Siirt'te yenileme seçimi için gerekçe ise Siirt'in Pervari ilçesi Doğanköyü'nde toplam 706 seçmenin kayıtlı olduğu 17, 18 ve 19 numaralı sandıklarda sandık kurulları usulünce oluşturulmadığı için oy kullanamaması olmuştu. YSK'nın Erdoğan'ın siyaset yasağı kalkar kalkmaz aldığı bu karar çok tartışıldı. Çünkü seçimde bir dizi başka usülsüzlük gündemdeydi, ancak yenileme seçimi kararı ve kararın niteliği, bütünüyle Erdoğan'ın seçilmesini garantiye alan biçimde kurgulandı.

Bu süreçte CHP'nin, özellikle Deniz Baykal'ın AKP ile uzlaşma görüntüsü vermesi ve TBMM'de Erdoğan'ın yenileme seçimine katılabilmesine dönük yasal değişikliği desteklemesi de dikkat çekiciydi. Bu destekle ilgili 22 Kasım 2002 tarihli Hürriyet gazetesinde, AB Komisyonu’nun genişlemeden sorumlu temsilcisi Günter Verheugen'in 15 Kasım'da Baykal ile görüşmesinin aktarıldığı haberde Verheugen'in, Baykal’a ‘Başbakan kim olacak’ diye sorduğunu ve ‘Tabii ki seçimin galibi başbakan olacak’ yanıtını aldığını anlattığı yazılmıştı.

Ya medya desteği?
AKP'nin kuruluşunda, girdiği ilk seçim sırasında ve hükümetinin ilk günlerinde arkasına medya rüzgarını aldı. 2001 krizinin ardından sermayenin programını uygulamakta en istekli parti olduğunu belli eden AKP'ye özellikle Doğan Holding'e bağlı medya kuruluşlarından büyük destek verildi. Seçime giren başta MHP olmak üzere diğer partiler, Aydın Doğan'a ait gazetelerde ciddi ölçüde eleştirildi.
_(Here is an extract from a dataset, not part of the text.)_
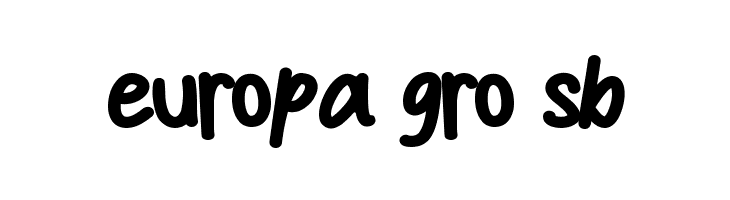 Pocket Money  Free Fonts Download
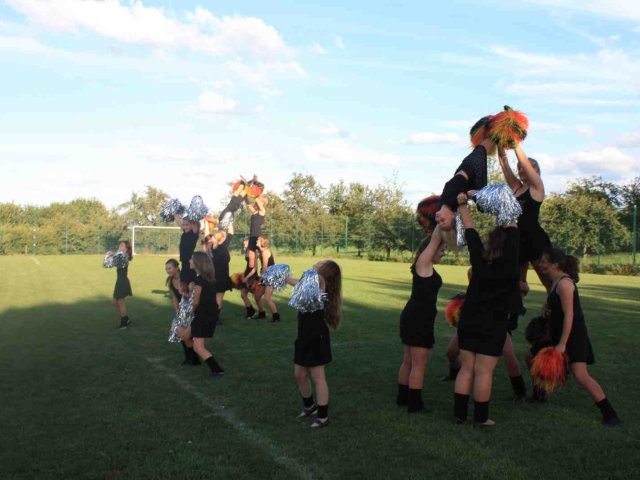 2012_-_arxencup_16_20180127_1662319056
Başta Milliyet yazarı Hasan Cemal olmak üzere holdinge ait gazetelerde köşeyazarları AKP kadrolarının Refah-Fazilet Partisi çizgisinden çıkarak değiştiklerini yazdılar ve temel vurguları “Türkiye için Tayyip Erdoğan ve AKP'ye” şans verilmesi gerektiği olmuştu. 2004 yılına gelindiğinde ise Hasan Cemal, AKP'ye verilen şansı iyi değerlendirdiğine hükmetmiş olacak ki, şunları yazmıştı:

“Bu partinin çektiği çizgi AB. Dolayısıyla Erdoğan'ı bundan sonra kendi kafama göre eleştiririm de desteklerim de, ama ben Tayyip Erdoğan'ın İslamcı gizli gündemi olduğuna artık inanmıyorum ve kendi adıma bu dosyayı kapatıyorum.”